Inferring the Extent of Health Plan Provider Choice among the Privately Insured

Monday, June 13, 2016: 10:35 AM
B26 (Stiteler Hall)

Author(s): Wenjia Zhu

Discussant: Emily R Gee

A common feature of many health plans today in the US is that only a subset of all providers of a given service are included in a network. In these “narrow network” plans, consumers either have no coverage for “out-of-network” providers, or in “tiered network” plans are held accountable for additional cost sharing when going out-of-network. Restricted provider choice has important implications for patient sorting across plans, access to care and consumer behavior, all of which play a crucial role in containing costs and improving quality.

While narrow network health plans have recently gained market shares in the US, little is understood about their impacts, due partly to a lack of reliable measures of breadth of provider networks. In the Health Insurance Marketplace, regulatory assessment of plan’s network adequacy has largely relied on insurer-reported provider directories which can be outdated or difficult to quantify.
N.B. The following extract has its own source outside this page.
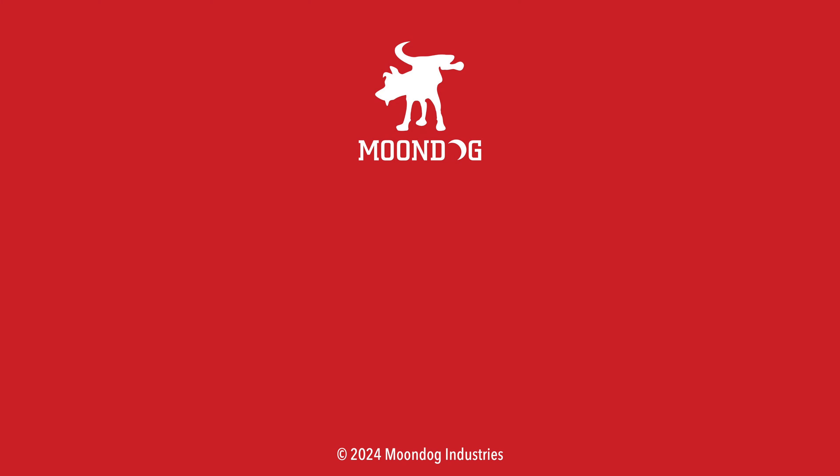I'd like to know what you thought of this video — leave me a comment or chat with me on Facebook, Twitter, TikTok, MeWe, Instagram, or Locals. And if you want to see all of my videos, go to moondogindustries.com.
The goal of this paper is to infer health plan level provider choice using claims level data.

I use the Truven’s MarketScan claims database, focusing on 400 million outpatient services records of privately insured in the US between 2008 and 2013. The “modeling sample” consists of 31,382 plan-metropolitan statistical area (MSA)-year aggregated observations spanning 445 plans, 439 MSAs, and 6 plan types. Studied plan types include Comprehensive, Exclusive Provider Organization (EPO), Health Maintenance Organization (HMO), Non-Capitated Point-of-Service (POS), Preferred Provider Organization (PPO), and Consumer-Driven/High-Deductible Health Plans (CDHP/HDHP).

The first part of the paper uses distinct provider counts per claim as a metric for provider networks and shows initial evidence of differences in network breadth across plan types. Simple sample means suggest that compared to PPOs, EPOs on average have fewer provider choices, whereas Comprehensive plans are more often observed with more choices. This is consistent with the subsequent regression analyses controlling for additional covariates (MSA fixed effects and average plan level risk scores), in which Comprehensive plans predict the highest level of provider choice, followed by POS, HMO, PPO, CDHP/HDHP, and EPO.  

In the second part of the paper (in progress), I develop a maximum likelihood model to infer the breadth of provider choice at the plan level. The model starts with the assumption that all providers in a plan serving an area within the same in-network versus out-of-network status are equally likely to be chosen by patients (later relaxed), and that health plans choose a constant fraction, λ, of providers in each MSA to cover. The modeling strategy builds on the hypothesis that narrow panels will result in fewer providers seen, and counts of patient visits will be more evenly distributed across providers than the market area average. Preliminary results suggest that provider concentrations (measured by Herfindahl-Hirschman Index at the plan-MSA-year level) are higher in plan types with relatively more provider choices, and that the proportion of providers covered, λ, varies across plans and by plan type as expected.

A methodology for creating an index of provider network breadth would benefit many other studies trying to understand the consequences of narrow panels on diverse outcomes.